Em 1850, é publicado em Portugal um livro para iniciação da leitura, intitulado Leitura Repentina, que deverá ter sido inspirado no método de Froebel, em que o jogo e as imagens desempenham um papel importante. Da autoria de
Castilho e por ele considerado como o «mais aprazível, mais eficaz de quantos existem em Portugal, na Europa e no Mundo, para o ensino de ler e escrever», é uma adaptação do método de Lemare. Tal como refere Filipe Rocha, Castilho pretendia «dar à escola vida, alegria, movimento, variedade», preconizando «a introdução de marchas, divertimentos (jogos infantis destinados à aprendizagem do alfabeto), canto (que considera elemento educativo essencial) e desenho de objectos a aprender pela criança[2]». E com o recurso às imagens, pretendia-se que as crianças estabelecessem associações mentais entre os objectos representados e os sons, facilitando deste modo a aprendizagem.


 / 105 / José Félix Henriques Nogueira (1825-1858) redige, em 1851, os Estudos sobre a Reforma em Portugal, onde, além de defender a escolarização generaliza­da a toda a população e não apenas às classes mais privilegiadas, sugere a criação de escolas em várias povoações, combatendo assim «a prática obscurantista e meticulosa, do nosso e dos velhos tempos», que «tem deixado jazer e definhar na mais completa ignorância». E acrescenta:

«Criem-se em cada uma das nossas povoações escolas-locais, em que se acolham, ensinem, moralizem, corrijam e sustentem, durante o dia, as crianças dos dois sexos, sob a direcção de mestras, mães de família. Aí a instrução deve restringir-se aos elementos de leitura, escrita e numeração. Estudos simplesmente intuitivos de objectos da natureza e da arte, mostrados em galerias coloridas, e pequenos trabalhos rurais e artísticos completariam o ensino.»

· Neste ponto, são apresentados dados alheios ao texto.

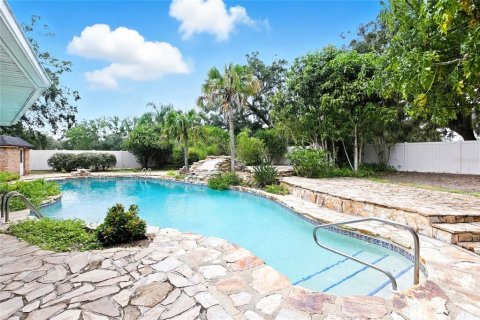 House in Arcadia, Florida 4 bedrooms, 379.88 sq.m. № 1900352 - photo 30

Além de alargar o ensino aos dois sexos e de pretender abranger toda a população, verificamos que o autor advoga um ensino simples e intuitivo, limitado ao fundamental - ler, escrever e contar - e apoiado no recurso a galerias[3] coloridas, isto é, a imagens coloridas representando objectos naturais e artísticos, desempenhando um contributo de natureza visual.


Vimos que, em todos os casos referidos, desde o século XVI até ao século XIX, o recurso educativo à imagem não constitui um fenómeno do nosso século, tendo sempre desempenhado, em Portugal, um papel pedagógico mais ou menos acentuado, funcionando ora como complemen­to, ora como meio de acesso ao conhecimento dos objectos, na impossibilidade da sua directa apresentação. Depois deste período, com o aparecimento da fotografia e do cinema, pudemos verificar, pelo exposto em capítulos anteriores, que novos recursos vieram apoiar a actividade dos professores, inserindo-se no processo de ensino-aprendizagem.



[1] - Almeida GARRETT, Tratado de Educação, in "Obras Completas" II, Empresa de História de Portugal, Lisboa, 1904, p. 302.

Vd. Filipe ROCHA, Fins e objectivos do sistema escolar português, Col. Ciências da Educação e Desenvolvimento Humano, Aveiro, Paisagem Editora, 1984, vol. I (Período de 1820 a 1926), p. 47.

[2] - Vd. Filipe ROCHA, op. cit., pp. 47-48.

[3] - Além do sentido corrente de 'corredor largo e extenso', o vocábulo galeria pode designar, entre outras coisas, 'objectos expostos', 'quadros ou retratos', etc. No caso concreto do texto e atendendo à época e ao contexto, o autor deverá querer referir-se a colecções de imagens para fins educativos.